→ TASK DESCRIPTION: The entries below contain a line with "波斯铜茶壶 手工锤花工艺 金色款" and a line with "Light Grey Vintage Wash Premium Shorts". Quote exactly those two lines and all lines between them.

→ MATERIAL FOR THE TASK:
= Beginning of Section =

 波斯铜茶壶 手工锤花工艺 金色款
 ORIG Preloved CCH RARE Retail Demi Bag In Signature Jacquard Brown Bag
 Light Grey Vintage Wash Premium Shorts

= End of Section =
= Beginning of Section =

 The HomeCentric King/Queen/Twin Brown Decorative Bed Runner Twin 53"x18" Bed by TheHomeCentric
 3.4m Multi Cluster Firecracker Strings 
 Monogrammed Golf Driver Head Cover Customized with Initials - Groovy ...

= End of Section =

→ OUTPUT OF THE TASK:
 波斯铜茶壶 手工锤花工艺 金色款
 ORIG Preloved CCH RARE Retail Demi Bag In Signature Jacquard Brown Bag
 Light Grey Vintage Wash Premium Shorts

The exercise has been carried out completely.